Amira Hanafy1, Pia Steinlein1, Alf Lamprecht2, Dirk Dietrich3

1 Department of Pharmaceutics and Department of Neurosurgery (UKB),University of Bonn, Germany
2 Department of Pharmaceutics, University of Bonn, Germany
3 Department of Neurosurgery, University Clinic Bonn (UKB), Germany

Ever since the identification of Alzheimer’s disease (AD) a century ago, the blood-brain barrier (BBB) remains a resilient hurdle against developing an effective treatment. Disruptive tight junctions (TJ), altered expression of Pglycoprtien (P-gp) and multidrug resistance-1 receptor (MRP1) seem linked to AD pathogenesis.
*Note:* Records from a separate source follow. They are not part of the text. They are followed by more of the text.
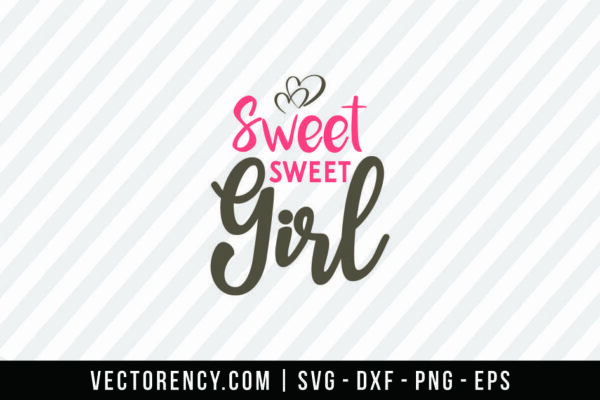 Sweet-Sweet Girl SVG Cut File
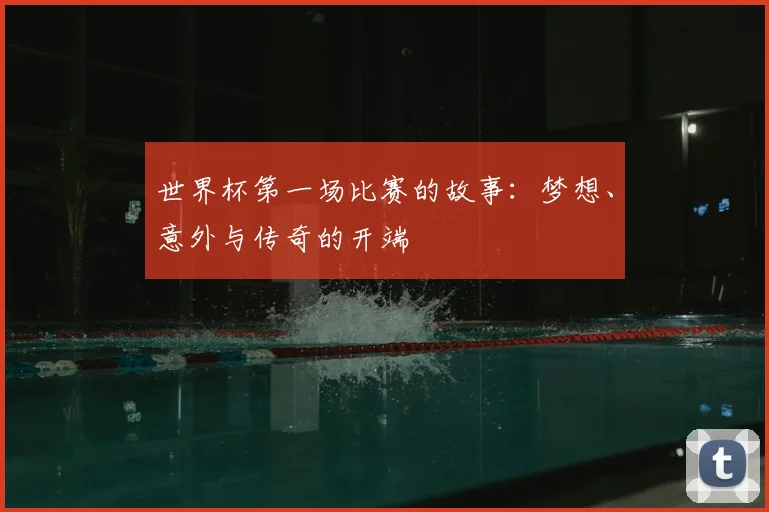 世界杯第一场比赛的故事：梦想、意外与传奇的开端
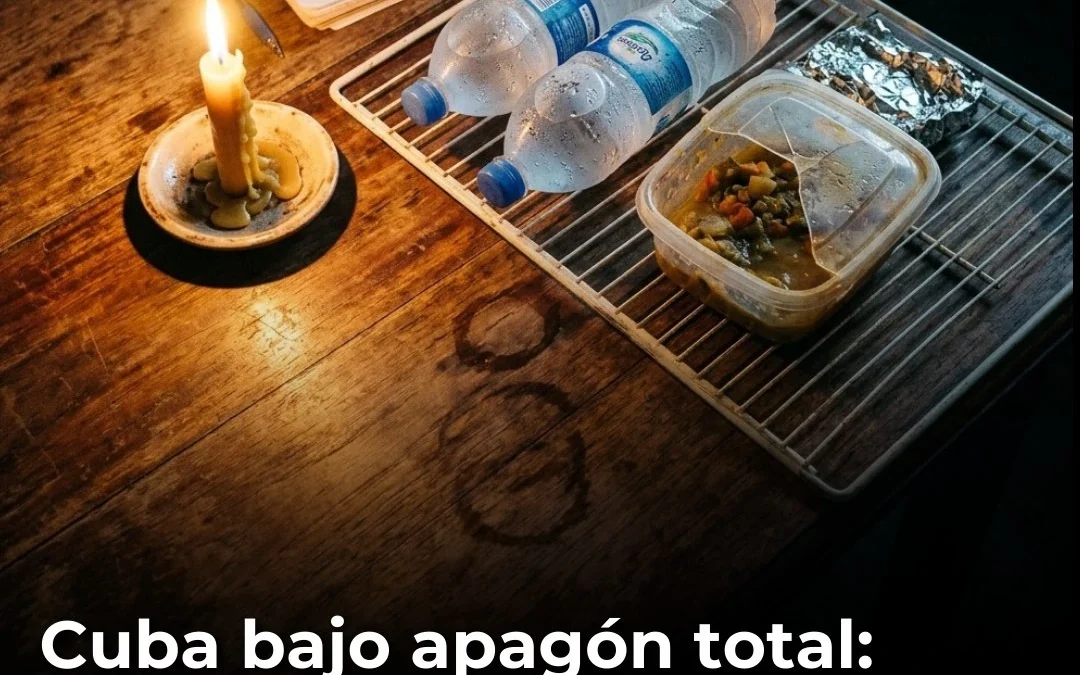 Cuba bajo apagón total: colapso energético, falta de alimentos y protestas en las calles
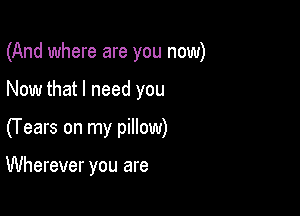 (And where are you now)
Now that I need you

(Years on my pillow)

Wherever you are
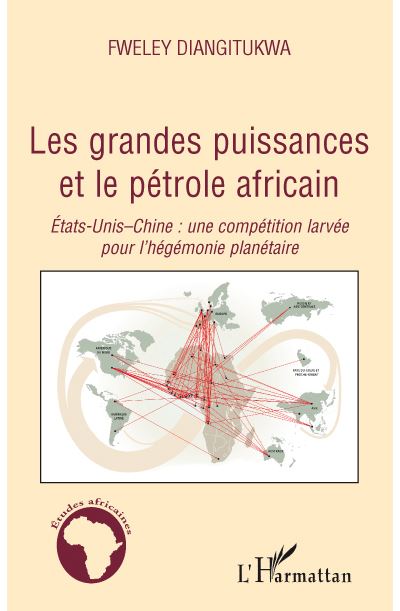 Les grandes puissances et le pétrole africain
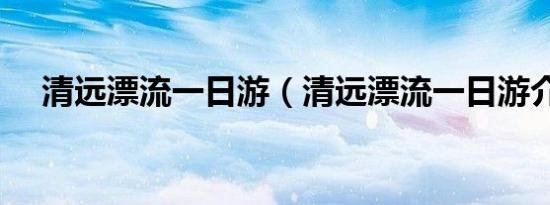 清远漂流一日游（清远漂流一日游介绍）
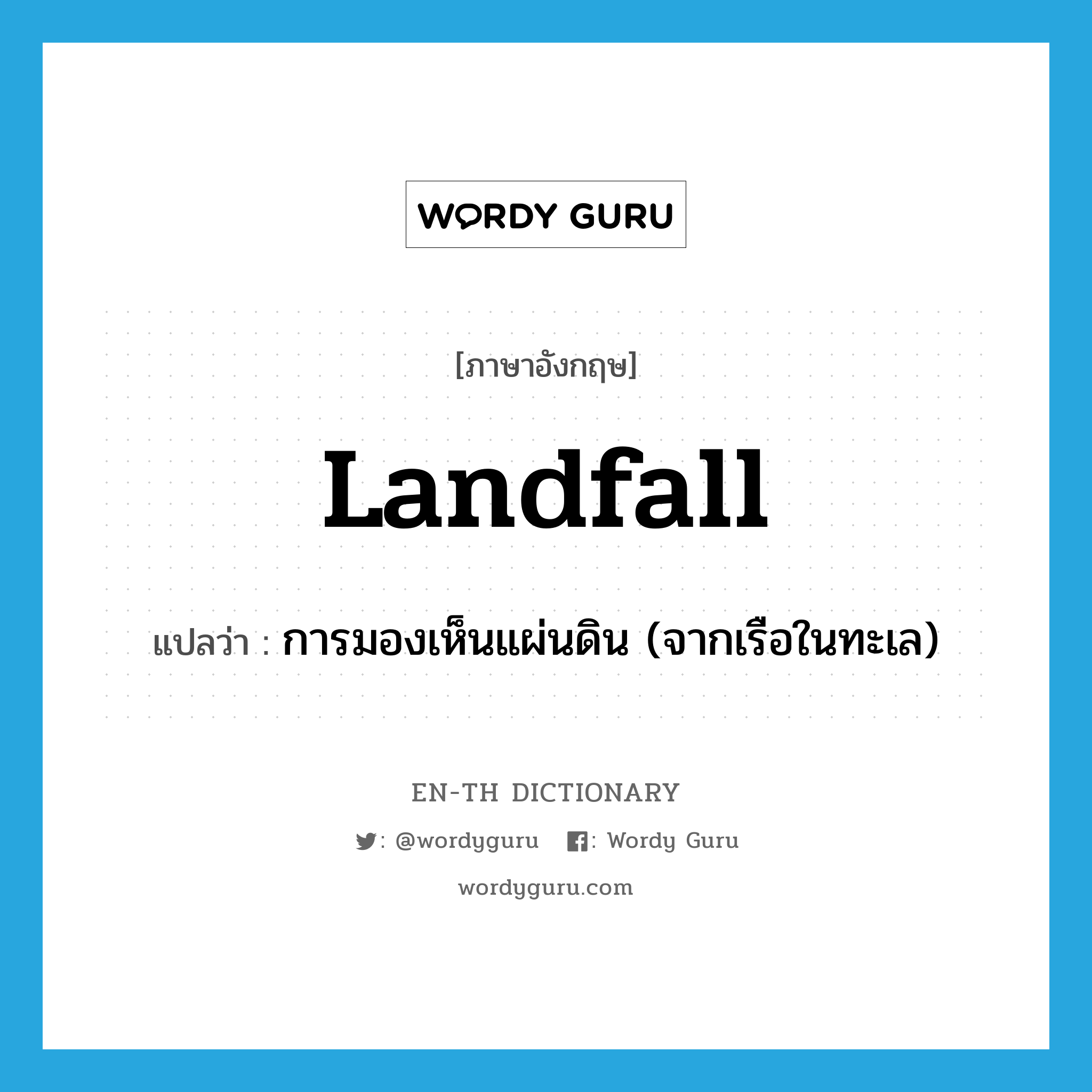 landfall แปลว่า?, คำศัพท์ภาษาอังกฤษ landfall แปลว่า การมองเห็นแผ่นดิน (จากเรือในทะเล) ประเภท N หมวด N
However, the reported data are inconsistent and based on in vitro or in vivo BBB models that oversimplify the microenvironment or allow other biological factors to interfere, respectively.


A newly established in situ BBB model is used to study transporter alterations in AD. Acute cortical brain slices were isolated from wildtype and transgenic Tg(APPSWE)2576Kha AD mice, and placed in a submerged chamber of a twophoton (2P) microscope under constant sACSF perfusion. A blood vessel is pierced with a glass pipette filled with the test compound and slight pressure was applied to eject the compound in the vessel system for 30 min. Calcein-AM
accumulation in the endothelial cells was monitored using its green fluorescence in order to assess P-gp and MRP1 function upon inhibition by 1 μM Elacridar (ELA) and 0.6 mM Probenecid (PRO), respectively. The TJ integrity was assessed via monitoring the leakage of Tetramethylrhodamine (TMR) into the capillaries’ vicinity and the diffusion of FM 1-43 dye from the luminal to the abluminal side of endothelial cell membranes.


Compared to wildtype mice, AD capillaries exhibited a significantly higher Calcein accumulation under no transporter inhibition. Under sole MRP1 inhibition, insignificant difference was found between wildtype and AD capillaries, insinuating the downregulation of MRP1 in the latter.